Reproduce without any pictures the lines from the one that contains "Chic Kimberly Sweater" through the end of the records, exactly as written.

- Extracted material:
________

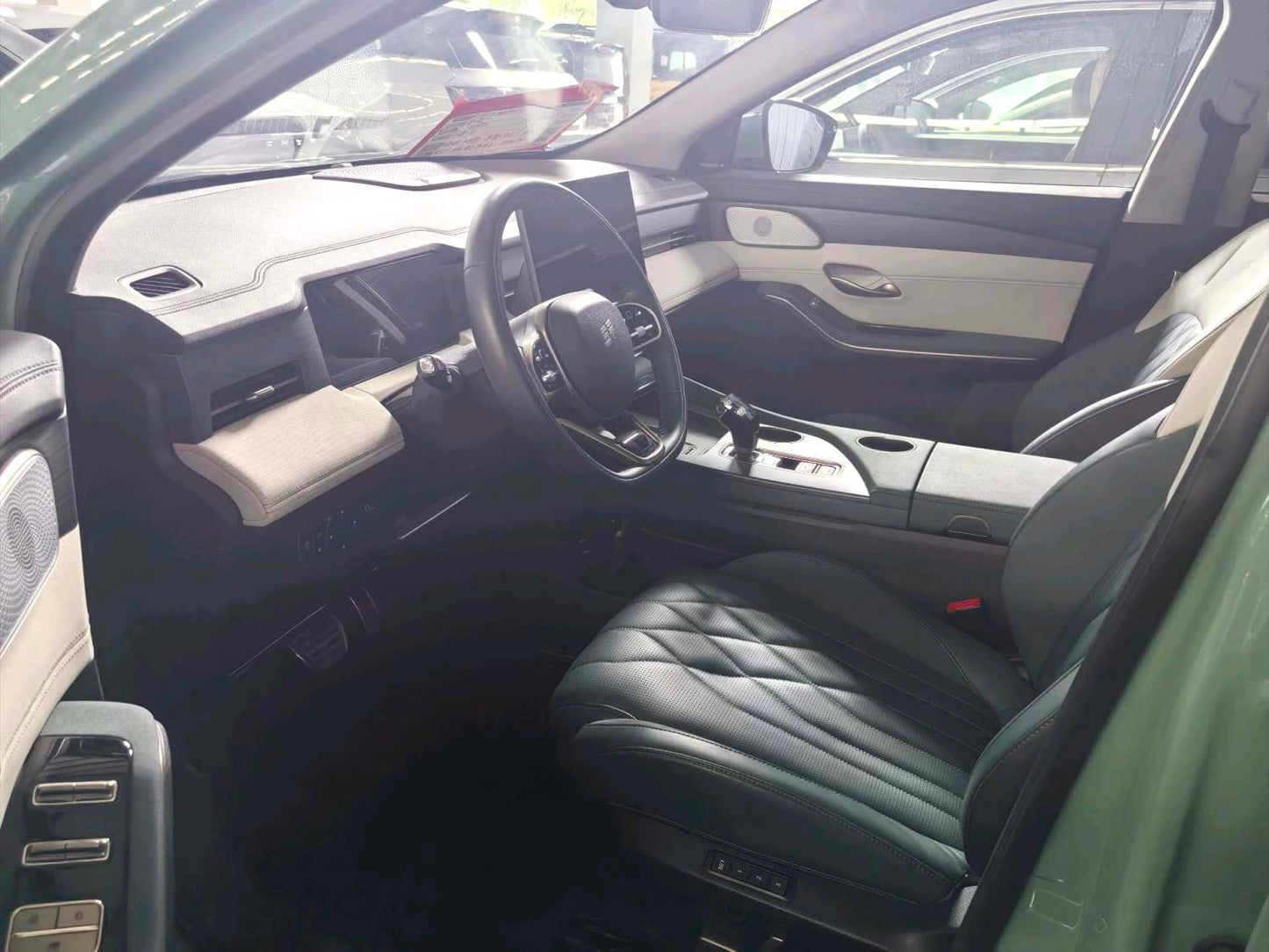 Jetour Shanhai L9 2023 Model|1.5TD PHEV Max 7-Seater Automatic Transmission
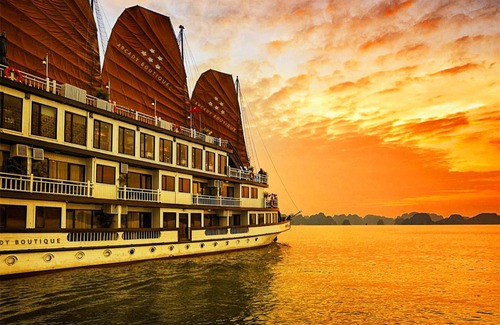 Bai Chay Boat Rental | 72 m² Houseboat ∙ 2 bedrooms ∙ 7 guests
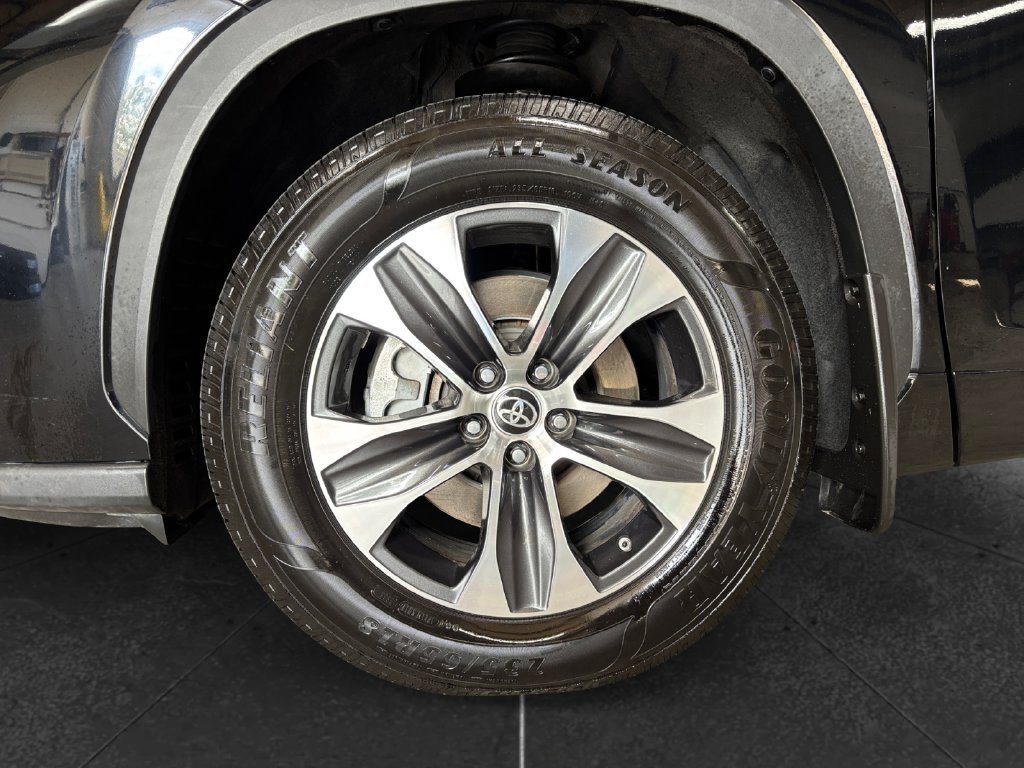 Used 2021 Toyota Highlander XLE AWD/4WD image 9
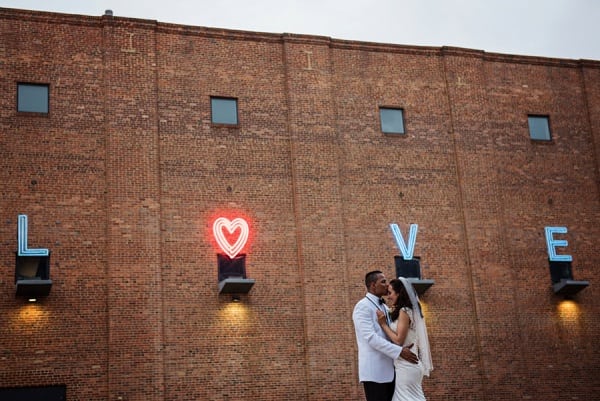 Classic Tabrizi’s Waterfront Wedding || Kathleen Hertel Photography || Charm City Wed || www.charmcitywed.com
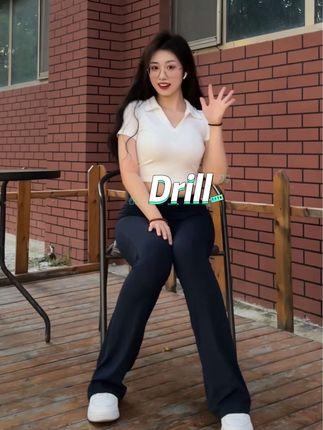 臭屁楠吖微密圈资源穿搭作品展示，满族凤凰图案旗袍引领潮流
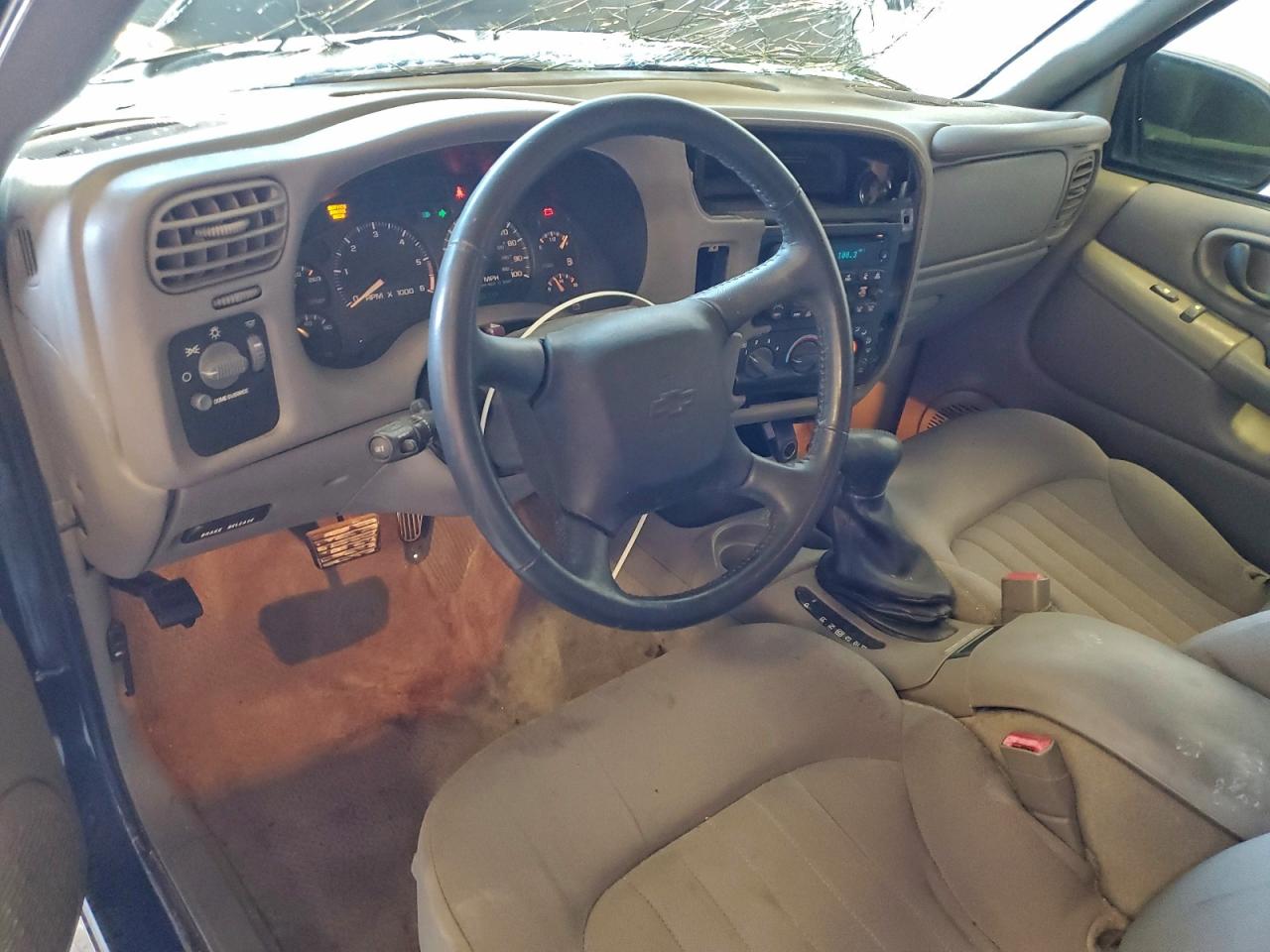 2004 Chevrolet Blazer VIN: 1GNCS18X74K121057 Lot: 94115005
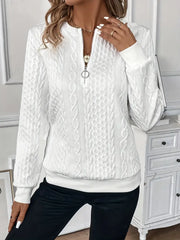 Chic Kimberly Sweater with Trendy Zipper Detail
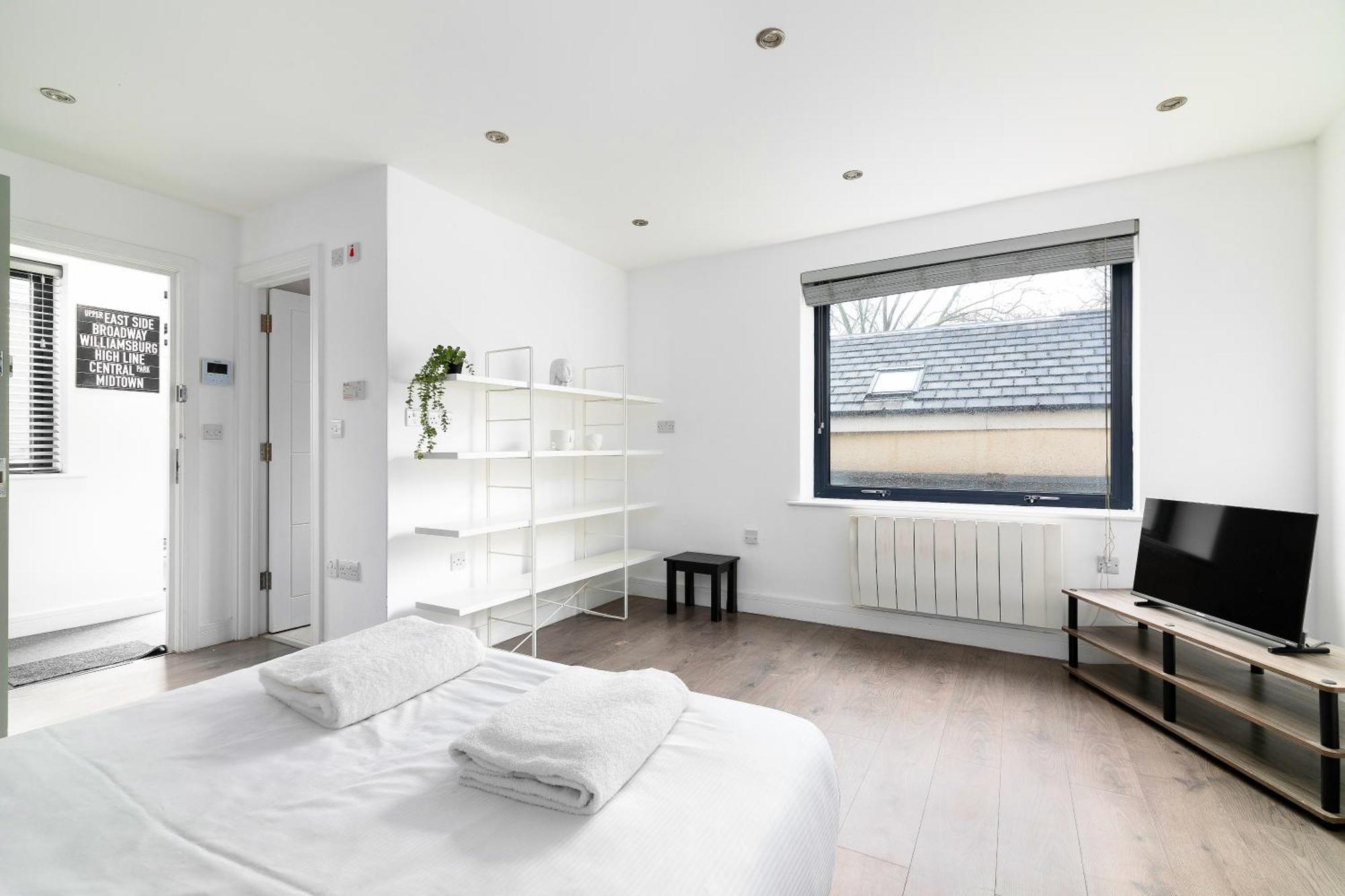Shoreditch Hoxton 3 Bed 2 Bath Apartment London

________

- Task answer:
 Chic Kimberly Sweater with Trendy Zipper Detail
Shoreditch Hoxton 3 Bed 2 Bath Apartment London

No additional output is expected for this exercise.